MATERIAL PROVIDED START

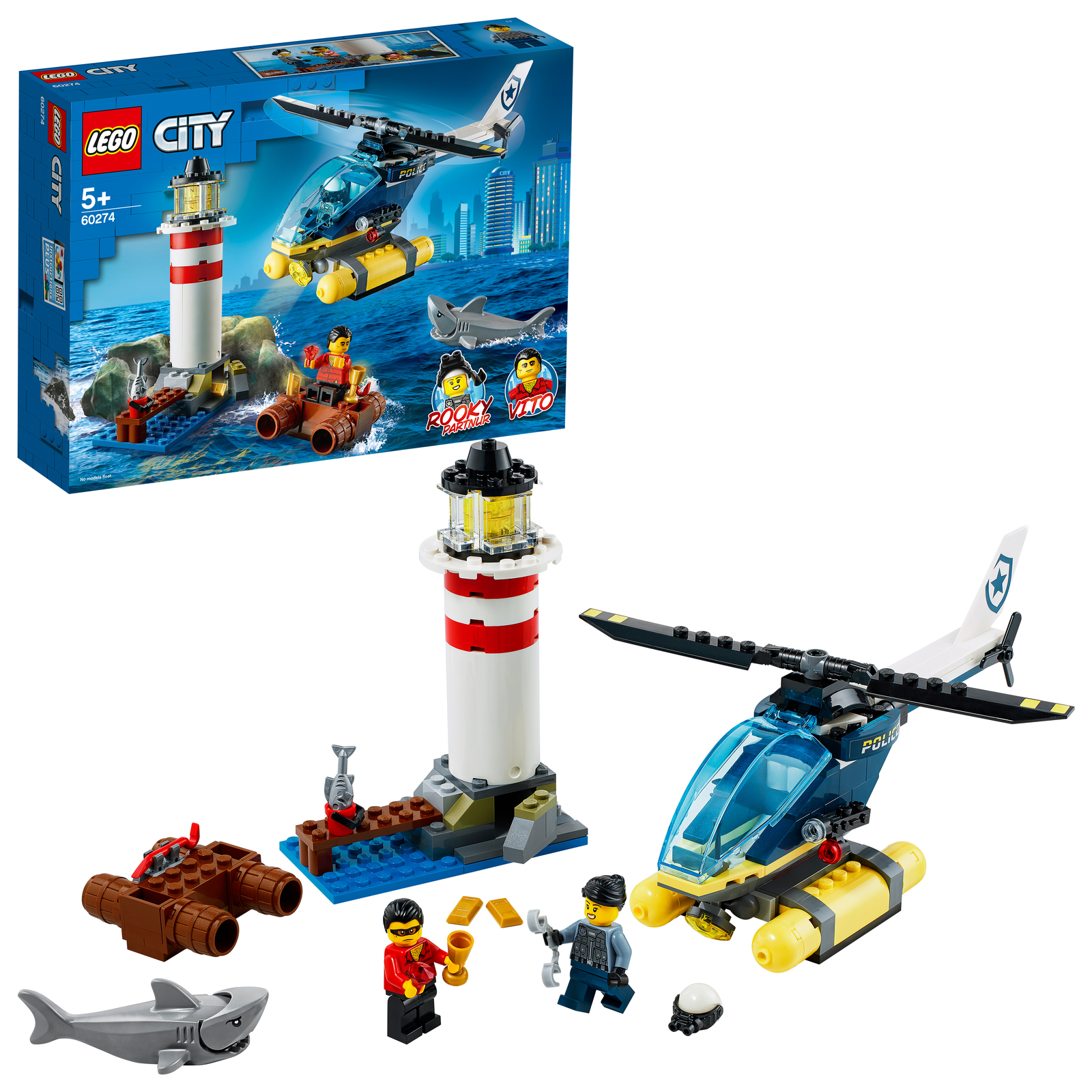 LEGO City: Elite Police Lighthouse Capture - (60274) image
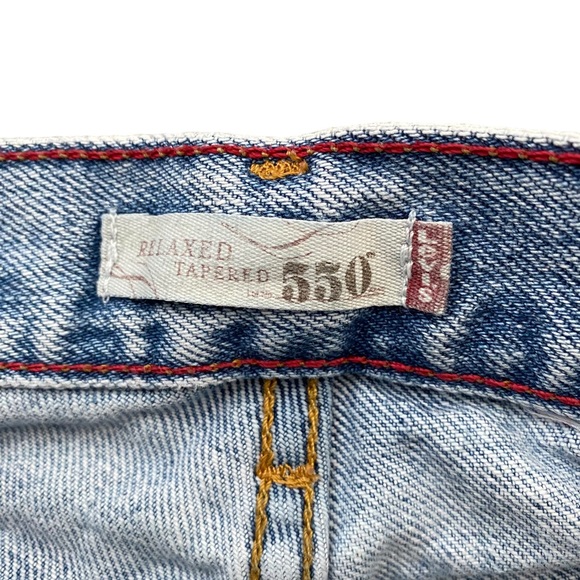 Levi's 550 Jeans Relaxed Tapered Women's 30x30 / 12M Blue Light High Rise Mom - Picture 11 of 12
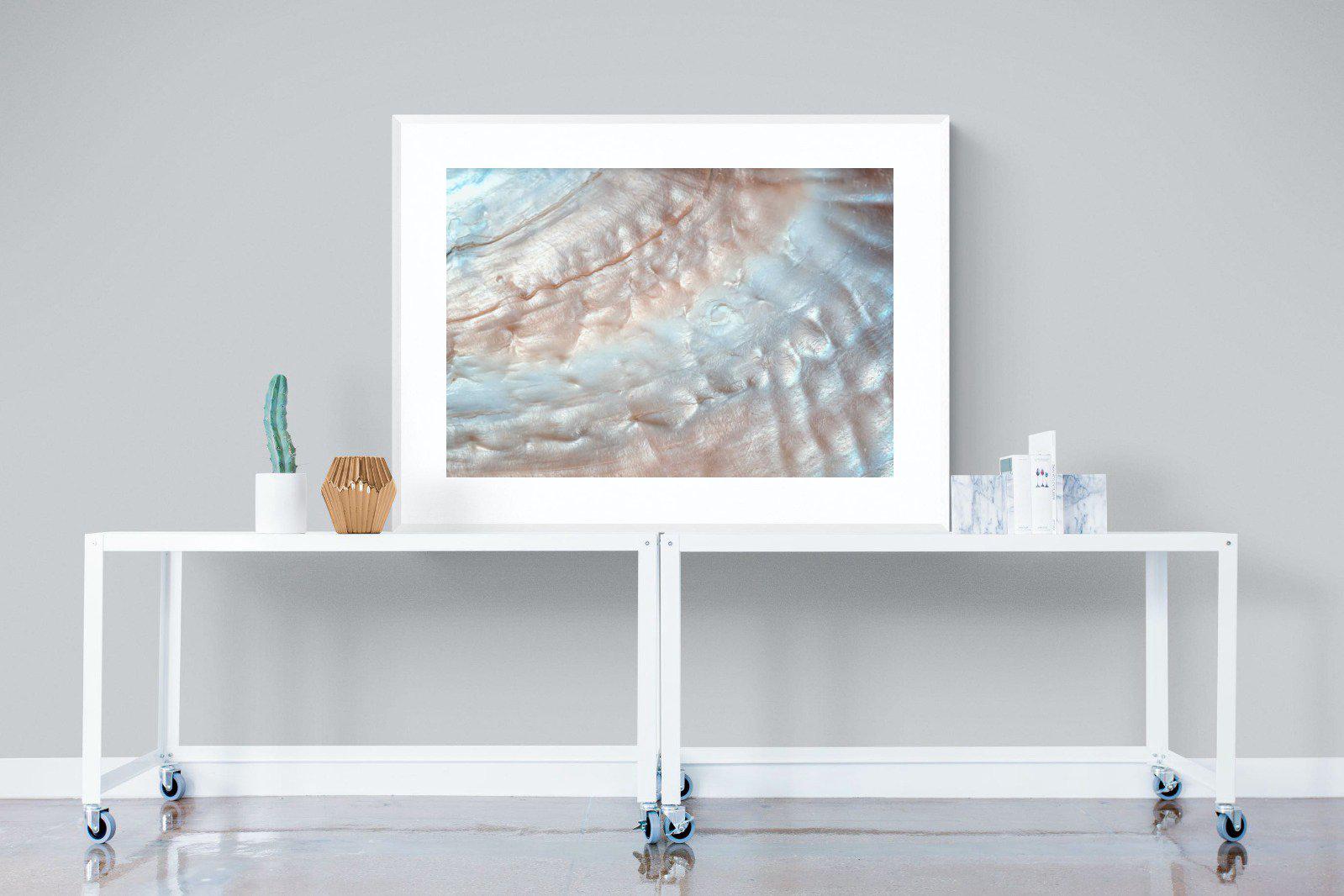 Seashell-Wall_Art-120 x 90cm-Framed Print-White-Pixalot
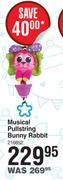 Playgro Musical Pullstring Bunny Rabbit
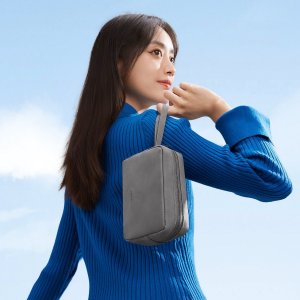 Baseus EasyJourney Series mała torba na telefon słuchawki i inne drobiazgi szara 8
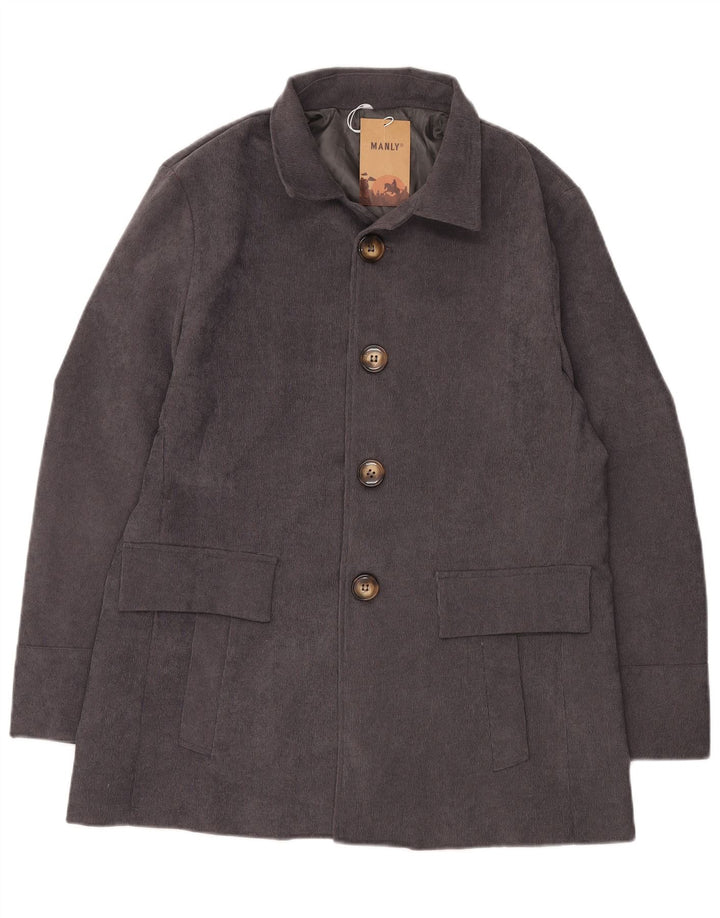 Soprabito vintage da uomo UK 40 grande grigio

MATERIAL PROVIDED END

■ HOW TO COMPLETE THIS TASK
Using the records above, copy exactly and only the lines from the line with "Playgro Musical Pullstring Bunny Rabbit" through the end, both included; leave every picture out.

■ SOLUTION TO THE PROBLEM
 Playgro Musical Pullstring Bunny Rabbit
 Baseus EasyJourney Series mała torba na telefon słuchawki i inne drobiazgi szara 8
 Soprabito vintage da uomo UK 40 grande grigio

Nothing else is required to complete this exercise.